On 10/06/2020 2:15 am, Robbin Ehn wrote:
Hi all,

If the direct handshake is executed by the target thread, the JNI
local(s) are created in that thread but returned in the handshaking
thread.
They thus are not safe to use. (thread might even have exited by this
point)

Code:
http://cr.openjdk.java.net/~rehn/8247248/v1/webrev/

Unfortunately there is no way the distinguish a local jobject vs a
global. Which makes it hard to track when the jobject is global and not.

I have some comments/concerns that I've added to the bug report.

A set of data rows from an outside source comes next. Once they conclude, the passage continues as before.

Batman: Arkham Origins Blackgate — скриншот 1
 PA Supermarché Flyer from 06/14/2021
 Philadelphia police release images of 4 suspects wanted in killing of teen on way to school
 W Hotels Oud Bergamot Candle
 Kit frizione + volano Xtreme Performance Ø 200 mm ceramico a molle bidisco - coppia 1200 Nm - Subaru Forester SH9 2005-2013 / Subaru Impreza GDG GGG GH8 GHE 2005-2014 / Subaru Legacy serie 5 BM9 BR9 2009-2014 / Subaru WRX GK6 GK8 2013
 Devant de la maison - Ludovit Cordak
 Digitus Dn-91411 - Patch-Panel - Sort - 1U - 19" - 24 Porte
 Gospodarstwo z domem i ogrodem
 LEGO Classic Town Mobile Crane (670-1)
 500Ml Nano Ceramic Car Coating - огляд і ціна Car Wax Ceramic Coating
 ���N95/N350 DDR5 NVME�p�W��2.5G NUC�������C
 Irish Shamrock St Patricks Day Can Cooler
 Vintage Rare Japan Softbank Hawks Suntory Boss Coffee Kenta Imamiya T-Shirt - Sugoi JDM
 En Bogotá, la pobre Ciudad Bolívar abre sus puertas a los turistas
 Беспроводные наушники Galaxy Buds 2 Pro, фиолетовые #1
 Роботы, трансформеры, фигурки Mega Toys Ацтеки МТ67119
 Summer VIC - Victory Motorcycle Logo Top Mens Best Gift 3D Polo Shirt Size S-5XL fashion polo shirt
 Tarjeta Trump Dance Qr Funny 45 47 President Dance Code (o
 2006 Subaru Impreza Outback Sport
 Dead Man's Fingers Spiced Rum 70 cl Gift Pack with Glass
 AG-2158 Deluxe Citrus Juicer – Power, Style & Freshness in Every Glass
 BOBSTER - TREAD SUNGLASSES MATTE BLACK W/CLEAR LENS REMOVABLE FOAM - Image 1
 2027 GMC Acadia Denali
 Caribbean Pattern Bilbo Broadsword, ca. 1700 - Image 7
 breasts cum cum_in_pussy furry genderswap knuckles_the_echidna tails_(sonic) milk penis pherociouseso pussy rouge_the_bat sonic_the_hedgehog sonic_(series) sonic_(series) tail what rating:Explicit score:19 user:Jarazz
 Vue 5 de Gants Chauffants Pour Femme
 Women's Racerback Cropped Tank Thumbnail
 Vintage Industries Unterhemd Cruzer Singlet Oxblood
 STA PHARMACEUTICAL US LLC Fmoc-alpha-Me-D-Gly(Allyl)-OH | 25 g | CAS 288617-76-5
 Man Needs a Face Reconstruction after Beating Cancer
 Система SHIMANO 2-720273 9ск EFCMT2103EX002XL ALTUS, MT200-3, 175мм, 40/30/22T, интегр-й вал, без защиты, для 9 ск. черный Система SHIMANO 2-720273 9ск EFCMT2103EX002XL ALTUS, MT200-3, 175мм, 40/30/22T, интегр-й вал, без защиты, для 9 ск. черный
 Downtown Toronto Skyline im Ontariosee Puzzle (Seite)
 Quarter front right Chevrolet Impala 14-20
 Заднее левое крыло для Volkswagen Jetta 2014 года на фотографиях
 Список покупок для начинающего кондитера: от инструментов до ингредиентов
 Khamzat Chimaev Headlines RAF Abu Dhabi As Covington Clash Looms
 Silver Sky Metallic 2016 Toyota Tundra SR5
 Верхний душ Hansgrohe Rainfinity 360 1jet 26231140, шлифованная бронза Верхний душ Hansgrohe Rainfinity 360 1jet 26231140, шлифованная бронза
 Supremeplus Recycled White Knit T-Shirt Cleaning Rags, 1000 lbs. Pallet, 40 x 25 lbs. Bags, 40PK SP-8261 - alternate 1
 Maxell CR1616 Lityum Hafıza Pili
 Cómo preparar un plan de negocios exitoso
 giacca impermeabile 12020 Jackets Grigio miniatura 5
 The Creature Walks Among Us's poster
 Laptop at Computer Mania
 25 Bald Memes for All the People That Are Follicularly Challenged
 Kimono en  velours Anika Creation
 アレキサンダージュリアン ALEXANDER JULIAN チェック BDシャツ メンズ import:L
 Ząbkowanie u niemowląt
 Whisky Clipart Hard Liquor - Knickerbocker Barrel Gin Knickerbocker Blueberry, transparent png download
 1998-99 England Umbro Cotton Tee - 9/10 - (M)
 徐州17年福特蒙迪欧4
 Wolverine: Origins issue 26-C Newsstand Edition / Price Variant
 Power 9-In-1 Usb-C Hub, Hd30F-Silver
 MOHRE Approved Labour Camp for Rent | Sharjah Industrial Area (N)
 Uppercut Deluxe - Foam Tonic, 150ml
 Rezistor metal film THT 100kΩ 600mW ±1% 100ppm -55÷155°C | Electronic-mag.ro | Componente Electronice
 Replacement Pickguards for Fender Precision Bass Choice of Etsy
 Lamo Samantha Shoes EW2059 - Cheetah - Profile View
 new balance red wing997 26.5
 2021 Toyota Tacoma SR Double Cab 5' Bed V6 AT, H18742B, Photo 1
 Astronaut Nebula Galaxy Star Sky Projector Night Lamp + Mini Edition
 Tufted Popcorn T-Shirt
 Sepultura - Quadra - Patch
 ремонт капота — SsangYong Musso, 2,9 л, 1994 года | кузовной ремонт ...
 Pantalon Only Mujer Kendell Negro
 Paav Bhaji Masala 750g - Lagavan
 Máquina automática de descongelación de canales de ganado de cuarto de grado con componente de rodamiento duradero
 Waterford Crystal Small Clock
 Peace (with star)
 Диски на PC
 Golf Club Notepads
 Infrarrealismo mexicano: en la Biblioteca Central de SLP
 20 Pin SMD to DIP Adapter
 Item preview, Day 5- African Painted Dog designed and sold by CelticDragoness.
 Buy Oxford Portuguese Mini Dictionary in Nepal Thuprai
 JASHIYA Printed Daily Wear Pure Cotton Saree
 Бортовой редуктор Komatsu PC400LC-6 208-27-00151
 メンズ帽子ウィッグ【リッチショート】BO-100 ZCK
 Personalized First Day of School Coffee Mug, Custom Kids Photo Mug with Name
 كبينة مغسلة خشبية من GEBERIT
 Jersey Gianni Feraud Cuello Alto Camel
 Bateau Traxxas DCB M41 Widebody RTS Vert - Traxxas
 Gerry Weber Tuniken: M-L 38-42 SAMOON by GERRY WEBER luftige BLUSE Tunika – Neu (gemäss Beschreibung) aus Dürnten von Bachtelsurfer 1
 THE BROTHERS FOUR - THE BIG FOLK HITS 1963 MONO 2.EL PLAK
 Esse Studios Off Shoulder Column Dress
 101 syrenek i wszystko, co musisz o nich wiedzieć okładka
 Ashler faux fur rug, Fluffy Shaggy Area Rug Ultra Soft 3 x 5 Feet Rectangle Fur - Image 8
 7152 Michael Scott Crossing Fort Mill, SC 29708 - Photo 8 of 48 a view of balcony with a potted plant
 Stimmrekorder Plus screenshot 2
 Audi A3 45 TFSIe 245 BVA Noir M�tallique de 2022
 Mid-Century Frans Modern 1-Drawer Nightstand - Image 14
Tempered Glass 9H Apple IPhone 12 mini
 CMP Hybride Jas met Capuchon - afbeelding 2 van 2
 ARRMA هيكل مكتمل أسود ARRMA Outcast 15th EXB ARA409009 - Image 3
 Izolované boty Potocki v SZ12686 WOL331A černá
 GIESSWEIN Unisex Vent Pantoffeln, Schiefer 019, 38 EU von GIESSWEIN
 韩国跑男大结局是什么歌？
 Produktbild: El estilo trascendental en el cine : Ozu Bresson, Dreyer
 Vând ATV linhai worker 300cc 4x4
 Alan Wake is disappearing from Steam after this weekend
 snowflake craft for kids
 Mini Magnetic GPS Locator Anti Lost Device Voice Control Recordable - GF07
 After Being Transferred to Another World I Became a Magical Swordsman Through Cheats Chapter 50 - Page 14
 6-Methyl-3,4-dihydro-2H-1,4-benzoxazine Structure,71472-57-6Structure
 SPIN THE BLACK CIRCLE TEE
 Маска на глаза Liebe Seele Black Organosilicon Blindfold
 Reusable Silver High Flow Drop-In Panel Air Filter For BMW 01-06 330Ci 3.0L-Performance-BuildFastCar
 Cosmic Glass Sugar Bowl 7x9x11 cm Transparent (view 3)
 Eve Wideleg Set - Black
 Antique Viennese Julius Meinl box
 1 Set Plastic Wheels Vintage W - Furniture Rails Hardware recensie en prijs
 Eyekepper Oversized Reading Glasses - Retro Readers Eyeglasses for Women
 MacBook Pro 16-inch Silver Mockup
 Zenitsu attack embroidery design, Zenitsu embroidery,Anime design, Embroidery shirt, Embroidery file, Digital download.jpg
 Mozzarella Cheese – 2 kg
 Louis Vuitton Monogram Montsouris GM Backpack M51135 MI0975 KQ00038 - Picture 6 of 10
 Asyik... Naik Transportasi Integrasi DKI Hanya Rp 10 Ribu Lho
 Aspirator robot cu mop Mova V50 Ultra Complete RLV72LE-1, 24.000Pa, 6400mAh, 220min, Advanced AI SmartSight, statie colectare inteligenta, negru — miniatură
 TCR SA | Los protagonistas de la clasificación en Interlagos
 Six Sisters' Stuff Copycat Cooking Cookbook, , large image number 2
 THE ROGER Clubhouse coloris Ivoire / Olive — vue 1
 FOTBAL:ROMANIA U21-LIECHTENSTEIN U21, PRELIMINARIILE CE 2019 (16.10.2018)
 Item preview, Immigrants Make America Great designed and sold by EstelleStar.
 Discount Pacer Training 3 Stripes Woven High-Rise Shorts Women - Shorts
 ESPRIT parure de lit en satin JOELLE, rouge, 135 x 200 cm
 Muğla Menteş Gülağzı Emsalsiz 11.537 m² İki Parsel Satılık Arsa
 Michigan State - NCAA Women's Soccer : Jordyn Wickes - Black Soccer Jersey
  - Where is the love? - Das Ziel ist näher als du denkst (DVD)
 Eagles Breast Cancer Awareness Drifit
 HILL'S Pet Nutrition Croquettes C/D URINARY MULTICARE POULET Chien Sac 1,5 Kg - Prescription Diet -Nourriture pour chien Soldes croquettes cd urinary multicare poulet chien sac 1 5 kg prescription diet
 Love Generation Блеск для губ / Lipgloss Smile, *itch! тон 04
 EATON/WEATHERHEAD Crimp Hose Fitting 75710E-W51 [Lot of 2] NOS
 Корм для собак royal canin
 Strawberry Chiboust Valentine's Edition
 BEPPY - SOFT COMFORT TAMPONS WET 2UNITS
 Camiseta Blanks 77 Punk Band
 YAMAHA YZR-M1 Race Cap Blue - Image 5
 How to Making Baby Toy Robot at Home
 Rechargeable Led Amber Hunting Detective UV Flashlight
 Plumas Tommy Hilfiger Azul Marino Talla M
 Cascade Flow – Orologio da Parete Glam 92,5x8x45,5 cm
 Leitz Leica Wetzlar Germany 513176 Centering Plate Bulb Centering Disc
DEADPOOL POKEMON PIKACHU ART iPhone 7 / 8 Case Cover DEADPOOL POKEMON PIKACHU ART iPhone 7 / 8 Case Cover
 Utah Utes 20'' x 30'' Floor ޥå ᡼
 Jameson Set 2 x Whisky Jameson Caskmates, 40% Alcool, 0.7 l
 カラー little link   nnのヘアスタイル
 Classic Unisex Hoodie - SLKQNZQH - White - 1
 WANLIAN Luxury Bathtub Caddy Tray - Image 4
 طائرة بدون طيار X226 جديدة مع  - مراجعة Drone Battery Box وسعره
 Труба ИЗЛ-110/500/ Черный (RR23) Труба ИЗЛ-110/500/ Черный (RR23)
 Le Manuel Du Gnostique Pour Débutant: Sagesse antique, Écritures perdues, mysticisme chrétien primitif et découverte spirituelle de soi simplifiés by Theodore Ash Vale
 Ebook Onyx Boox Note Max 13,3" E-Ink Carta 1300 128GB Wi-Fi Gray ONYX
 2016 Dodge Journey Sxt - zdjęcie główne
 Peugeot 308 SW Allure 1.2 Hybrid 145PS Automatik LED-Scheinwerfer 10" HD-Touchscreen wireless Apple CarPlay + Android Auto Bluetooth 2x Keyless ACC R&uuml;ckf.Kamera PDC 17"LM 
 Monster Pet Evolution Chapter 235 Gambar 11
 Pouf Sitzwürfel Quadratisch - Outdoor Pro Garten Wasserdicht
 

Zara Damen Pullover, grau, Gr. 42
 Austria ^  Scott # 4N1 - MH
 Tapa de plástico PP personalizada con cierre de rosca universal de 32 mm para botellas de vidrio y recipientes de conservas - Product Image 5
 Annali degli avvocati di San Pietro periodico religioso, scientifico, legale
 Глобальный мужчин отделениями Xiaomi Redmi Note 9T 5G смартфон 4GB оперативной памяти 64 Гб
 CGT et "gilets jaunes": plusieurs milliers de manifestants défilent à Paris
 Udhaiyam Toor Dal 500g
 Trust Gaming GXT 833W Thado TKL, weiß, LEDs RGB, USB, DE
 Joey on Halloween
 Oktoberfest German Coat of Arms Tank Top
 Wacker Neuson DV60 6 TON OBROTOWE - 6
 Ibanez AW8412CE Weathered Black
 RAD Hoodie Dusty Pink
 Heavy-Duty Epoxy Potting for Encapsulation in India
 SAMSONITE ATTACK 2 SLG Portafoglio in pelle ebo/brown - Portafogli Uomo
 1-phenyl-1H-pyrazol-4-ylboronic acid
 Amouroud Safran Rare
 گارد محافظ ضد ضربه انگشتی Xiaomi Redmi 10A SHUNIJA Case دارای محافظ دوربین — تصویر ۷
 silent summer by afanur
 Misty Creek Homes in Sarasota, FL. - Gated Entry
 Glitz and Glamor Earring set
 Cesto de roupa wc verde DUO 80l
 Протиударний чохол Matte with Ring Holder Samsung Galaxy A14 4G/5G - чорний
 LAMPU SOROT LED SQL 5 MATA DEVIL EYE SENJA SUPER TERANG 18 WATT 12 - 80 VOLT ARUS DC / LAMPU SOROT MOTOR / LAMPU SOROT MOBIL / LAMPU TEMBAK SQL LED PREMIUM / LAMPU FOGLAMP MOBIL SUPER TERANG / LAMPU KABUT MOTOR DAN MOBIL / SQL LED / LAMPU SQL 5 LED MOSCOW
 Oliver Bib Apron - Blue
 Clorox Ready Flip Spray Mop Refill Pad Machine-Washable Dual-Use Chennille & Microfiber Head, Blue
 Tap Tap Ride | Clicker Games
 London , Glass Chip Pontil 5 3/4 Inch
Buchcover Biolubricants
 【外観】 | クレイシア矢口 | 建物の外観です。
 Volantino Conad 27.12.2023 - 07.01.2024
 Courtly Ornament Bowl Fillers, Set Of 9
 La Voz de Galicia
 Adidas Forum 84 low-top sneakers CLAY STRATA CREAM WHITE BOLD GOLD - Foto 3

Switching from local refs to global refs adds a bit of overhead and will likely impact the performance here. Not a showstopper but would be nice to avoid if possible as it seems a bit of a kludge to communicate values across threads via global refs.

In the old VMOperation solution the VMThread used the JvmtiEnv* of the calling thread so that the local refs were in the right place. Can we do the same with the handshake code? It will mean restoring the "calling thread" argument to the handshake operation but I think this is a workable approach. (The removal of the calling thread argument should have rung alarm bells :( .)

Or, could this be case where we don't want the target thread to execute the handshake and we need a way to mark the handshake operation as such? That's a bigger change of course.

Thanks,
David
-----

Issue:
https://bugs.openjdk.java.net/browse/JDK-8247248

Local testing of JDI/JVMTI and t1-5.